Citation field $\mathcal{C}_p(\cdot)$: The global citation field is the vector field generated by all papers in the citation graph. Each paper’s $\mathcal{C}_p(\cdot)$ is a vector field in the semantic space that represents the spread of its influence through semantic diffusion. The global citation field is thus $$\mathcal{C}(\vec{t}) = \int_{\mathcal{P}} \mathcal{C}_p(\vec{t}-\vec{s}_p) dp.$$ This differs from the citation interlink $c_p(\cdot)$, which is a scalar field defined as the degree at which the paper responds to incoming citations.
Total semantic energy $E_p$: The total semantic energy of the paper, defined as $$E_p = \frac{1}{2} m_p |\vec{v}_p|^2 + \int_{\mathcal{S}_p} \|{\nabla \mathcal{C}_p(\vec{s})}\|^2 d\vec{s},$$ similar to the sum of kinetic and potential energy in classical mechanics.

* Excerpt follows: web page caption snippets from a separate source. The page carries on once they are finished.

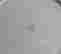 item-83418261=4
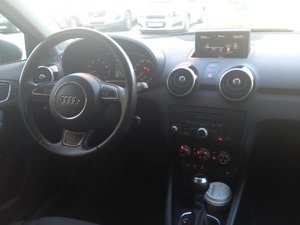 IMG_2236.jpg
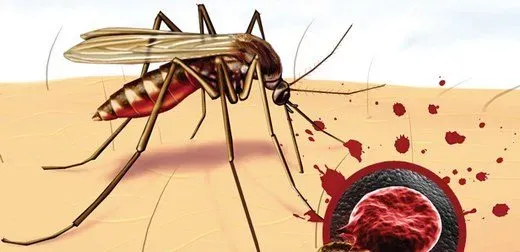 Sıtma: Belirtileri, Tedavisi ve Önlemler Hakkında Bilgi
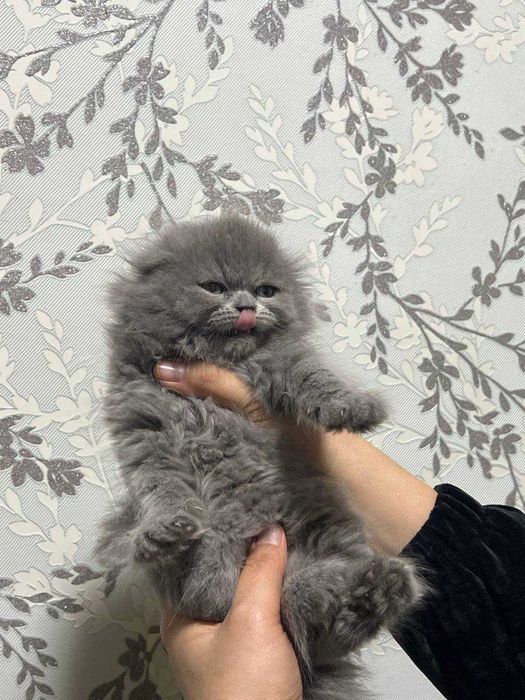 Shokish fold mushukchalar sotiladi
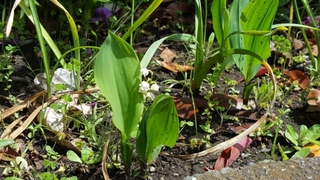 20190506075246714.jpg
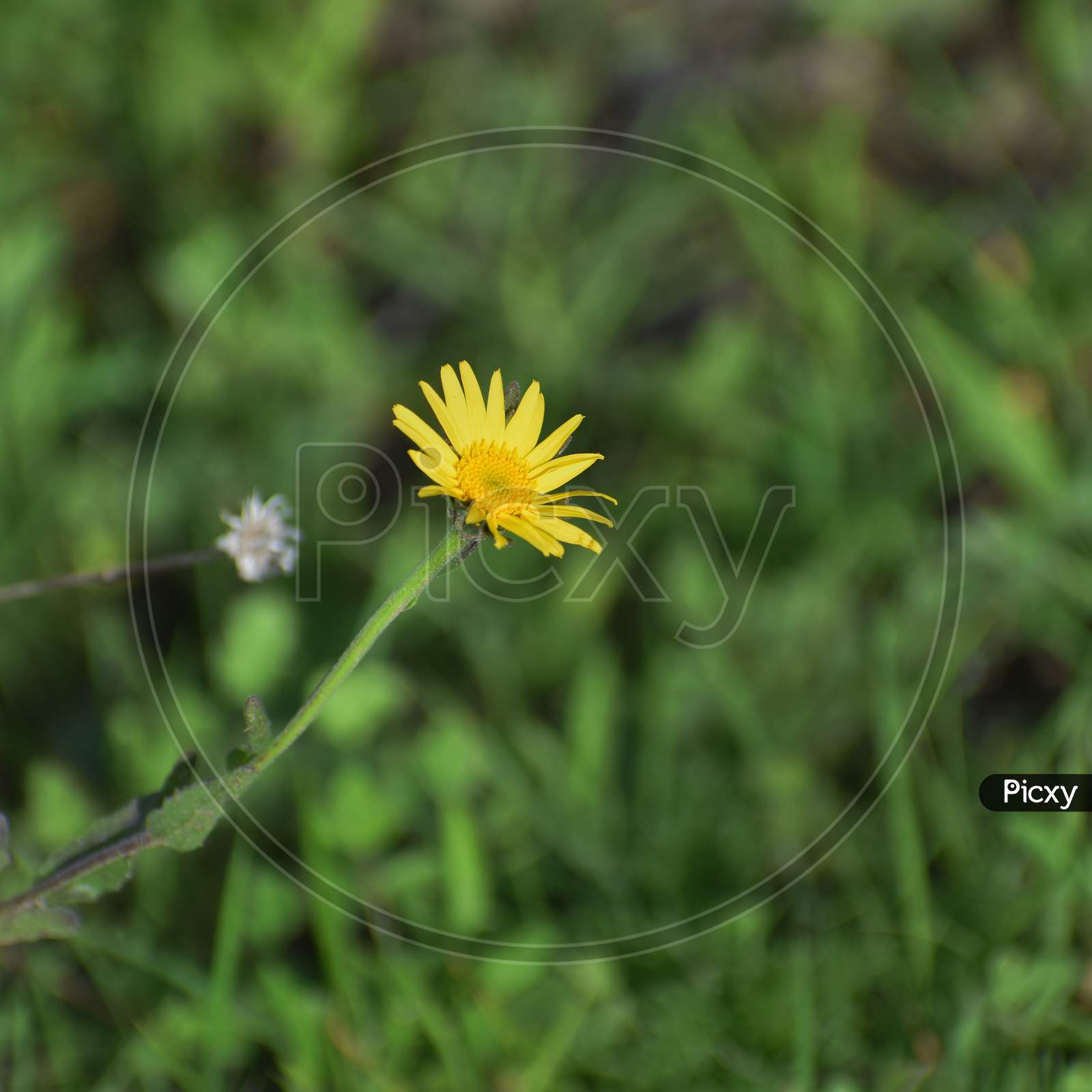 Isolated small yellow flower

Semantic interaction model

Publications that drift in semantic space carry more influence. The mirror of classical mechanics in bibliokinetics fails to capture the change in physics as the paper’s semantic drift velocity approaches the speed of light in the semantic space, $c$, which is the maximum possible speed of semantic twist. In spirit of the Lorentz transformation, we define the Academic Lorentz factor as

$$\gamma=\frac{1}{\sqrt{1-\frac{|\vec{v}_p|^2}{c^2}}}.$$

As a manuscript accelerates, its effective semantic mass increases by a factor of $\gamma$:

$$\hat{m}_p = \gamma m_p.$$

This can be captured as the uniform semantic energy, by assuming semantic mass is equivalent to energy through the relation $E=mc^2$. The equivalent semantic energy of a paper is then

$$(\hat{E}_p)^2 = \left(m_p c^2\right)^2 + \left(\int_{\mathcal{S}_p} \left\|{\frac{d}{dt}\nabla \mathcal{C}_p(\vec{s})}\right\|^2 d\vec{s}\right)^2c^2.$$

This behavior of semantic “heavyening” can be validated through the observation of the paper’s influence, and thus is experimentally testable. However, tracing a moving semantic state and measuring its influence when it passes a measurement point at near-light speed is highly complicated, and thus we will use a different approach to validate the theory — via collisions.

Collisions under acceleration

The core methodology of 3t.al. Labs involves the physical collision of two papers, frameworked as effectively a mutual, synchronous, objective co-peer-review. In the pre-quantum regime, the collision results in the emission of a discrete set of semantic particles, each with a continuous state (“distinuous emission”). The distribution of the emitted particles follows a power law:

$$\operatorname{Pr}(E_j \geq x) \propto x^{-\alpha},$$

where $E_j$ is the semantic energy of the particle $j$, and $\alpha$ the exponent is equal to the ratio of the papers’ effective semantic masses:

$$\alpha = \frac{\hat{m}_1^2+\hat{m}_2^2}{(\hat{m}_1+\hat{m}_2)^2}.$$

The emission of semantic particles is a stochastic process, governed by the following equation:

$$\sum_{j=1}^N E_j = \hat{E}_1 + \hat{E}_2.$$

The distribution of the emitted particles can be measured by sampling the semantic space around the collision point, and tracing the trajectories of the particles using standard bibliometric tools such as citation analysis. This is, empirically, much more straightforward to validate in an experimental setting.